Der Handelskrieg zwischen China und den USA ist ja noch lange nicht entschärft. Es gibt nur so etwas wie einen Waffenstillstand, der läuft in ein paar Wochen aus. Bis dann muss man eine dauerhafte Lösung finden, sonst gehen die Zölle rapid in die Höhe in Amerika auf chinesische Exporte. Es würde chinesische Gegenmaßnahmen geben, mit beträchtlichen Folgen für die Weltwirtschaft.
Seit dem Sommer gibt es diese Handelsauseinandersetzung ja bereits zwischen China und den USA. Lässt sich schon abschätzen, wer einen höheren Preis zahlt, oder umgekehrt, wer sich vor einer weiteren Eskalation mehr fürchten müsste?
Ich glaube es sind beide Seiten ziemlich ernüchtert. In Amerika bereiten die Börsenschwankungen zu Jahresende vielen Sorgen. Viele Amerikaner sparen in Aktien, und dass die Aktien auf Berg- und Talfahrt sind, das führen viele auf den drohenden Handelskrieg mit China zurück. China ist die zweitgrößte Volkswirtschaft der Erde, das ist keine Kleinigkeit.
Aber die USA sehen sich immer noch technologisch im Vorteil und sie glauben, wenn der Fluss amerikanischer Technologie nach China unterbunden würde, dass sich China damit sehr schwer tun würde.
Die chinesische Wirtschaft wächst nach wie vor, viel schneller als die Wirtschaft in Amerika oder Europa. Aber das Wachstum verlangsamt sich und das ist gefährlich für die chinesische Führung. Weil es gibt noch immer viel Armut, die Menschen haben das Gefühl. Es muss eigentlich weiter so rasch aufwärts gehen, wie bisher.
Wenn das einmal nicht mehr der Fall ist, dann könnte das auch für die Führung ein politisches Problem geben. Innerhalb der Partei gibt es daher auch gewissen Anzeichen für Kritik am Staatspräsidenten, dass er etwas zu offensiv auftritt gegenüber den USA und dadurch amerikanische Gegenreaktionen geradezu herbeiruft.
Es ist eine sehr volatile Situation zwischen den USA und China, da wird es viele Aufwärtsbewegungen und Abwärtsbewegungen geben, daran muss sich die Welt gewöhnen.
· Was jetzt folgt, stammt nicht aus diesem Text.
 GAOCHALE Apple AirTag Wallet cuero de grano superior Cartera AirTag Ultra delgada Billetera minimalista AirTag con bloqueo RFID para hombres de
Welche Rolle kann Europa spielen und welchen Stellenwert hat das berühmte Projekt Seidenstraße?
Europa könnte eine Rolle spielen, weil die Europäische Union ein wirtschaftlich wichtiger Raum ist und weil der Euro eine Weltwährung ist. Die Chinesen haben sich das oft gewünscht, dass mit dem Euro der Dollar nicht mehr dieser überragende Rolle in der Welt spielt. Dazu ist es aber bisher nicht gekommen, weil die Europäer so zögerlich sind, sich wirklich zusammenzuschließen.
Die Seidenstraßeninitiative oder Beltand Road Initiative, wie sie in China heisst, Gürtel und Straße, das ist Wirtschaftspolitik und Außenpolitik zusammen.
Die chinesischen Firmen haben ein tolles Know How was Infrastruktur betrifft. Man sieht das an den Hochgeschwindigkeitszügen und den vielen neuen Flughäfen. Von diesem Know How können andere profitieren.
Klar, Kredite können auch Abhängigkeitsverhältnisse schaffen, aber sie müssen es nicht. Bei chinesischen Geldgebern muss man wie bei allen Geldgebern anschauen, was im Kleingedruckten steht, und chinesische Firmen müssen sich genauso an europäische Umweltregeln oder soziale Standards halten wie Firmen aus anderen Regionen. Wenn das gegeben ist, sollten sich die Europäer nicht fürchten.